§ TASK REQUIREMENTS
All lines ahead of the one containing "Cowboy Hat Bride, Bachelorette" are to be left out; that line and each one after it, through the end of the records below, are to be duplicated exactly.

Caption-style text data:
------------------------------------------------------------------------

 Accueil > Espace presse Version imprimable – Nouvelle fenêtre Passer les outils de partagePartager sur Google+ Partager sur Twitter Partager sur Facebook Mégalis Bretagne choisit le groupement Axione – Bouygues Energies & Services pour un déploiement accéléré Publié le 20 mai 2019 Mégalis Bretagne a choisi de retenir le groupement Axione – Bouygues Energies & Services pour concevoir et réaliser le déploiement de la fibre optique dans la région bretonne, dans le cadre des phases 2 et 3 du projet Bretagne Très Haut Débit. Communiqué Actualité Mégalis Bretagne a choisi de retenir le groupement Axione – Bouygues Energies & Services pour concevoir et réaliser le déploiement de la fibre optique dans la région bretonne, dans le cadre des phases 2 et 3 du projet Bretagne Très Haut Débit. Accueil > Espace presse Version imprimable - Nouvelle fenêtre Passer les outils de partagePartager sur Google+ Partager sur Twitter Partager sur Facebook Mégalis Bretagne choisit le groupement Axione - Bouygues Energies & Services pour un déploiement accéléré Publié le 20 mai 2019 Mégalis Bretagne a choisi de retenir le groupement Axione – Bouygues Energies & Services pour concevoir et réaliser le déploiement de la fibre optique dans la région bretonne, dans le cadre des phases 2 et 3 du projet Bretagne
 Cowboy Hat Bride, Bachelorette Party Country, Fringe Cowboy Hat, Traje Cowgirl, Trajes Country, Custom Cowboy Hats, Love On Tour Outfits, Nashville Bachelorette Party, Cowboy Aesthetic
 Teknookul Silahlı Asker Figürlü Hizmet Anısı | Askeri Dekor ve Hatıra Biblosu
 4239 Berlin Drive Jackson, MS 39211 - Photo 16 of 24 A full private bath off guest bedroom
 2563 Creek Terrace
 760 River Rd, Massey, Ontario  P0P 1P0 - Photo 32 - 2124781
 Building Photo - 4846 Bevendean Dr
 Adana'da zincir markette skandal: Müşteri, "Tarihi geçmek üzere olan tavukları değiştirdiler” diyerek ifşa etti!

------------------------------------------------------------------------

§ YOUR SOLUTION
 Cowboy Hat Bride, Bachelorette Party Country, Fringe Cowboy Hat, Traje Cowgirl, Trajes Country, Custom Cowboy Hats, Love On Tour Outfits, Nashville Bachelorette Party, Cowboy Aesthetic
 Teknookul Silahlı Asker Figürlü Hizmet Anısı | Askeri Dekor ve Hatıra Biblosu
 4239 Berlin Drive Jackson, MS 39211 - Photo 16 of 24 A full private bath off guest bedroom
 2563 Creek Terrace
 760 River Rd, Massey, Ontario  P0P 1P0 - Photo 32 - 2124781
 Building Photo - 4846 Bevendean Dr
 Adana'da zincir markette skandal: Müşteri, "Tarihi geçmek üzere olan tavukları değiştirdiler” diyerek ifşa etti!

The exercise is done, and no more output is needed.